I thought “objective” meant facts. In other words, not letting emotion and ‘fear and anger’ (your words) get in the way of the facts.
I pointed out some above. You said - without facts, I might add - that communist cultures treated their people as an ‘asset’. I tried to point out the insane, ridiculous nature of that comment by referencing 10s of millions of innocent people brutally slaughtered in the USSR and communist China.
I didn’t even trot out the Berlin Wall, which was a physical impediment to keeping people imprisoned in their own country. And for those who tried to cross it, were shot.
He’s not asking you if you stayed up and watched TV one night. He’s asking you for a cite on the 400 number.

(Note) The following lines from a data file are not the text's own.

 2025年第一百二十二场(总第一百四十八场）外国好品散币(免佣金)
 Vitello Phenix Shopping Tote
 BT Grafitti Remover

Based on the lazy-ass google search you posted, not even the people who were thought to have grossly exaggerated the success of the program claim more than 300. Most historians seem to think it worked no more than a handful of times.

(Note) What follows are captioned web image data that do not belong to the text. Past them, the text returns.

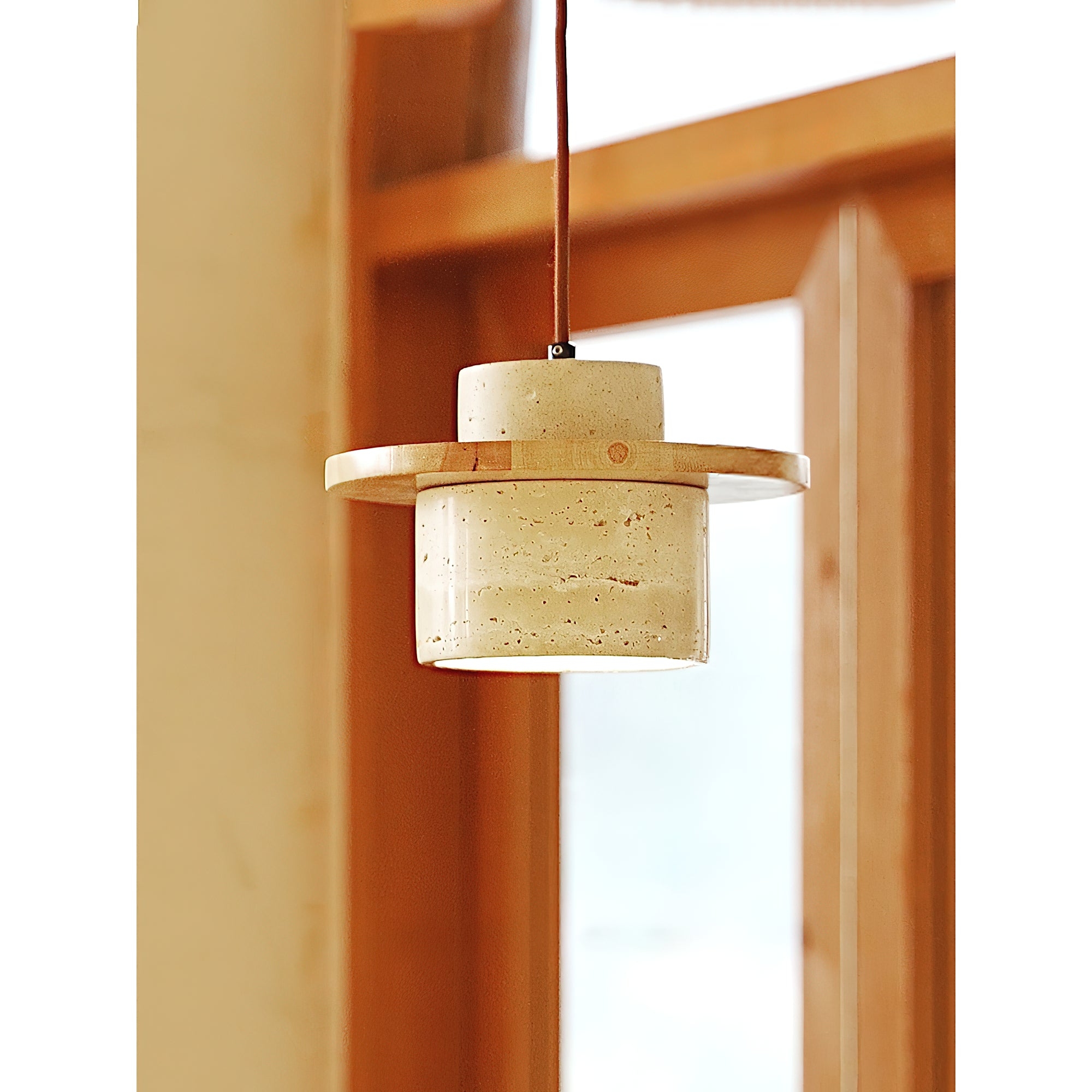 Stonova Duo Pendant Lamp D721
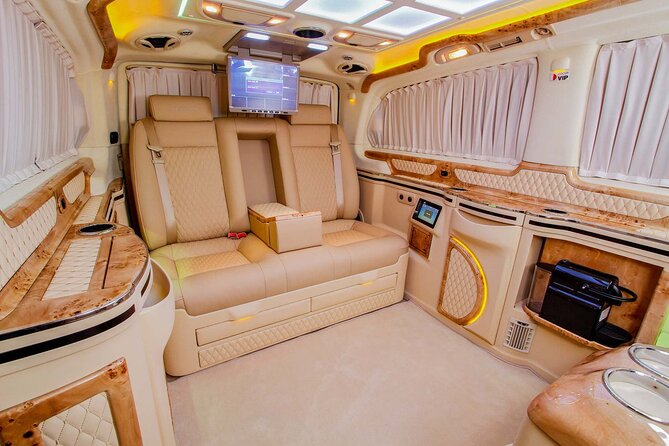 Private Antalya Airport Transfer Service - Private Antalya Airport Transfer: what happens from plane to hotel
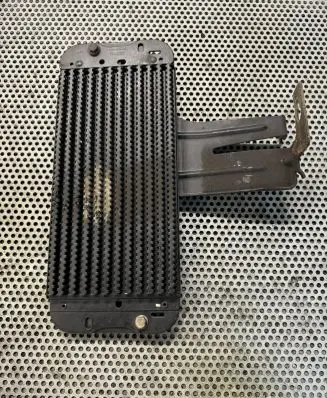 Renault Master III Fuel cooler (radiator) 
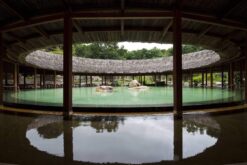 Vé tắm khoáng nóng I-Resort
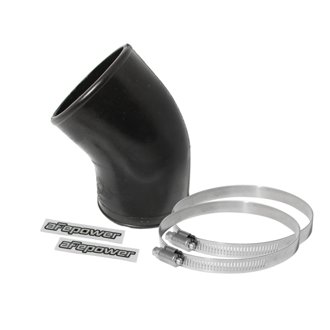Magnum Force Cold Air Intake System Spare Parts Kit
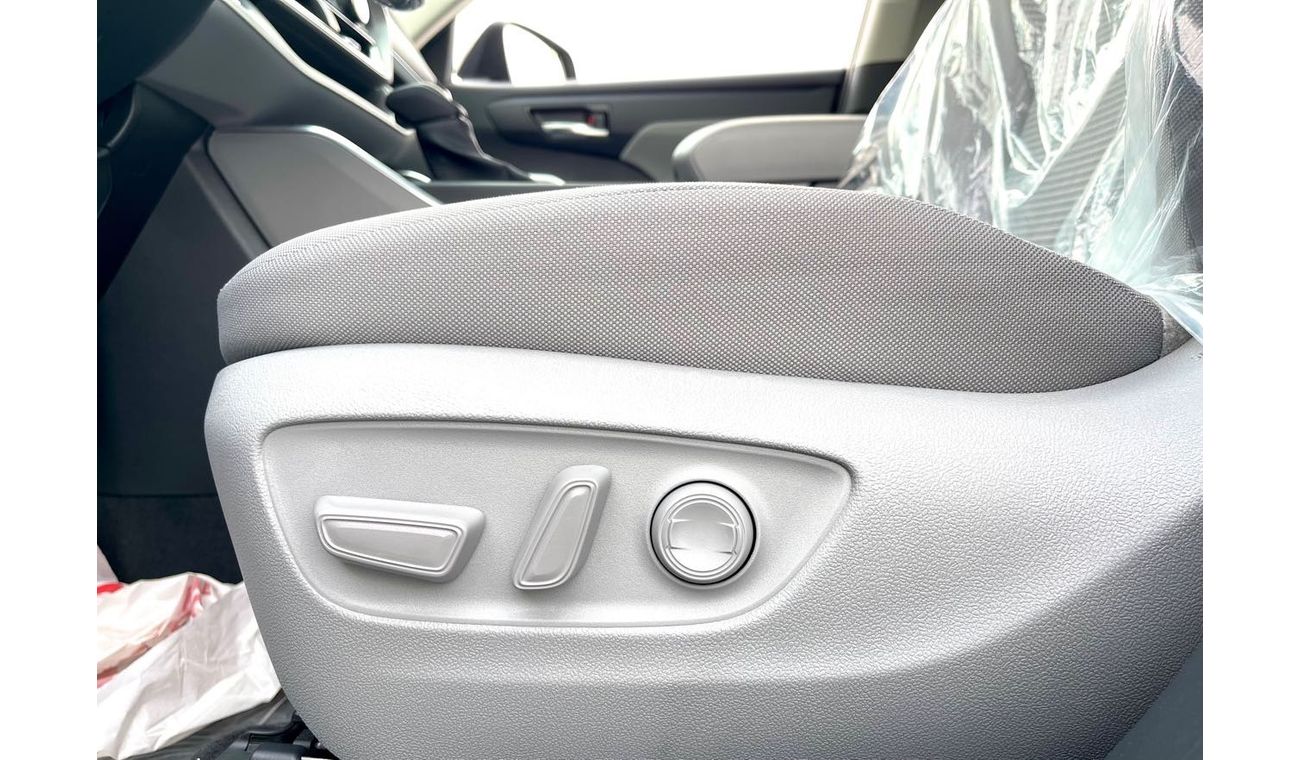 Toyota Highlander Toyota Highlander 2022 GLE, 2.5L 4cyl Hybrid, Push Start, 4WD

Unfortunately, the US is imitating the worst features of the USSR-we are now blowing trillions on such flops as:
-the Chevy Volt: $350 million invested, zero return
-solar energy: Solyndra, Evergreen, etc., the list of failed companies goes on
-high speed rail: “investing” in transportation projects that are unneeded and overpriced
-General Motors: the taxpayers are likely to lose $33 billion on this one
I’m not sure if what the present administration is doing in more “crony capitalism” or Stalin-style statism.
But the results are the same-massive debt and failing firms.
This would be drivel in the purest sense but if taken to a slightly different level might be true. Those humans who best adapted to the alterations might have children who were more adapatable than the previous generatin and so on. Any type of selecting breeding will nullify evolution and speed up a process possibly many thousands of times faster than it could happen naturally.
I haven’t read much of this thread, but my takeaway on the economics of the old USSR was that they were pretty good at massive projects (e.g. huge dams, building a military etc.) but horrible at managing a consumer economy (e.g. having popular sizes and styles of shoes available in stores on a timely basis.)
In a centrally planned economy that result makes sense. From on high it’s easy to see the big stuff, but much harder to manage the little things.
So far, he is, since you keep quoting things that have nothing to do with the original citation, which was about East Germany and how people were an asset. Hint: that doesn’t mean they can’t be killed.